La société à mission, c’est le thème choisi par la Chambre de Commerce et d’Industrie Tuniso-Française (CCITF) débattu lors d’une journée de réflexion organisée dans le cadre des activités prospectives initiées par la Chambre, qui se matérialiseront par l’organisation de plusieurs journées de réflexion pendant deux années (2024-2025) sur l’entreprise tunisienne de demain, auxquelles participeront des acteurs socio-économiques et académiques.

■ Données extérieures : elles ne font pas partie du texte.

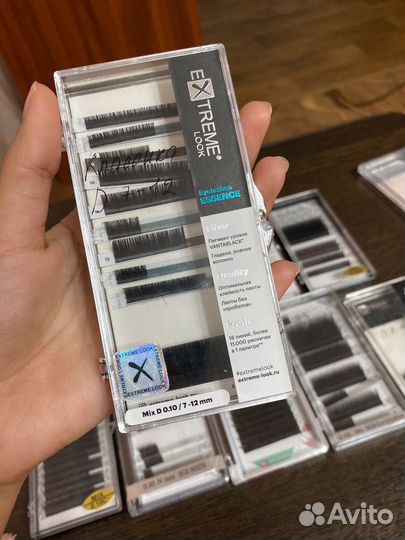 Ресницы для наращивания готовые пучки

« Nous lançons cette démarche de prospective pour une vision éclairée, nous permettant d’anticiper les évolutions à venir et de comprendre les tendances émergentes. Ces journées de réflexion marquent ainsi le point de départ d’un processus dynamique et collaboratif que nous mènerons en partenariat avec des acteurs socio-économiques et académiques. Ces journées se concrétiseront par la rédaction d’un livre Blanc qui devra synthétiser des recommandations et des modèles économiques innovants qui peuvent être adoptés par l’entreprise tunisienne » a déclaré Khelil Chaibi, président de la CCITF.

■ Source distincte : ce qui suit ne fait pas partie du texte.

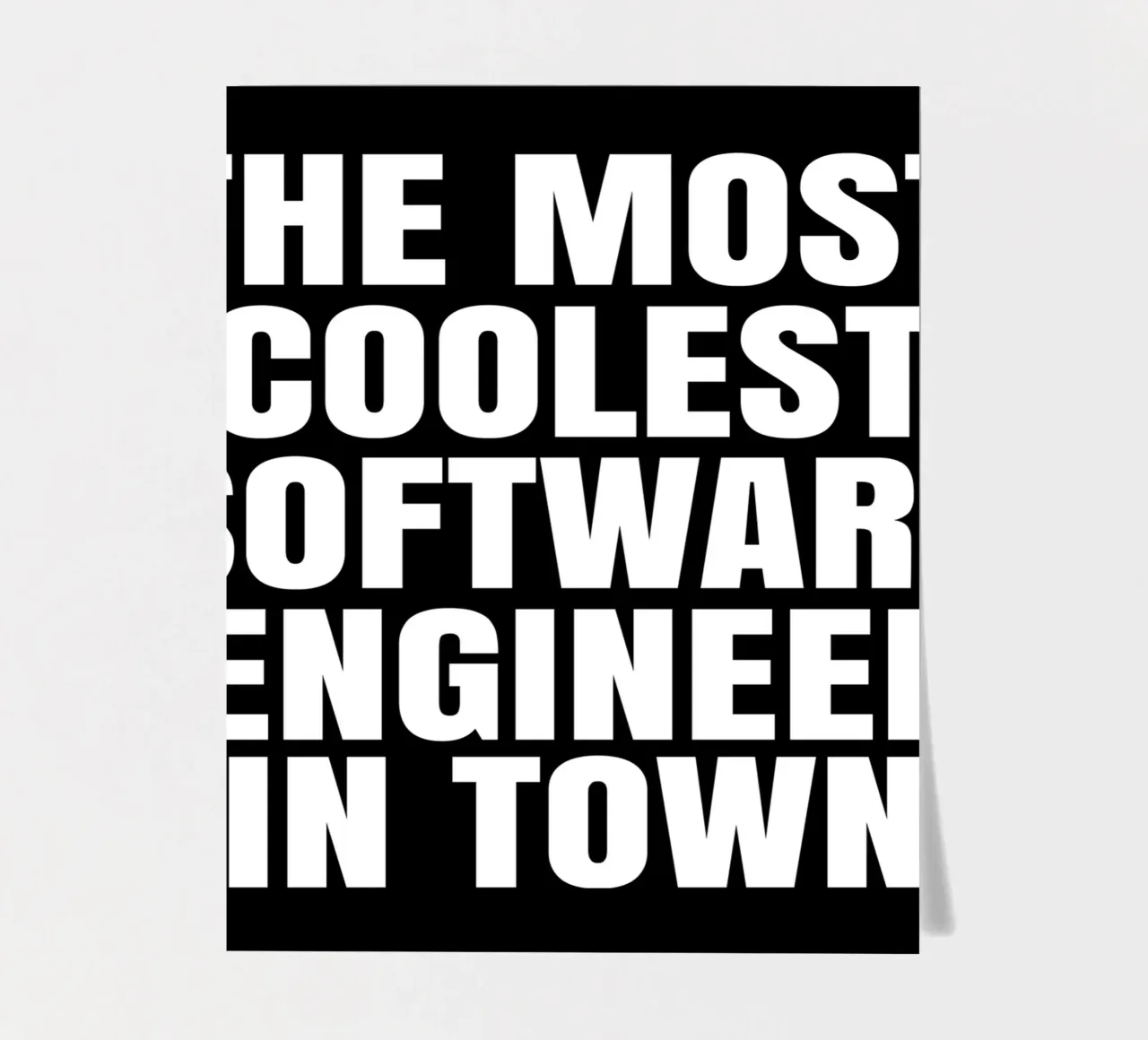 The most coolest software engineer in town foglio adesivo da happieeagle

L’entreprise tunisienne pourrait-elle évoluer vers une société à mission ? Il n’est pas dit que la culture entrepreneuriale en Tunisie différente historiquement de la France, où est apparue le concept « Société à mission » adopte les mêmes approches que celles de la France. « La dynamique entrepreneuriale est le résultat d’un développement endogène qui ne correspond pas forcément à une vision conçue et appliquée dans un pays comme la France où l’histoire de l’entrepreneuriat est différente de celle de la Tunisie » a observé Rabeh Nabli, Pr universitaire en économie.

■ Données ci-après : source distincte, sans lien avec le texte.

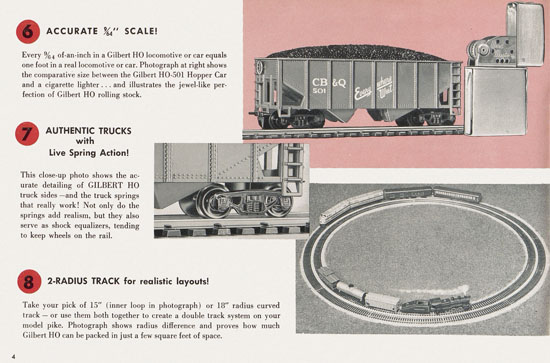 Gilbert H0 Trains 1956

“L’entreprise à mission est née d’une réflexion globale sur la refondation de l’entreprise initiée par plusieurs chercheurs, ce n’est pas une réforme d’Etat” – Armand Hatchuel, Pr universitaire

Mais d’abord, qu’est-ce qu’une société à mission ? Elle serait une réponse du droit français au fait que dans la définition de l’entreprise, on ne reconnaisse pas la notion d’intérêt social. « L’article 176 de la loi du 22 mai 2019 relative à la croissance et la transformation des entreprises (loi Pacte) a introduit la qualité de société à mission. Il s’agit pour une entreprise d’affirmer publiquement sa raison d’être, ainsi qu’un ou plusieurs objectifs sociaux et environnementaux qu’elle se donne pour mission de poursuivre dans le cadre de son activité. Ces éléments doivent être inscrits dans les statuts de l’entreprise et déclarés au greffe du tribunal de commerce, selon les modalités prévues par le décret n°2020-1 du 2 janvier 2020 ».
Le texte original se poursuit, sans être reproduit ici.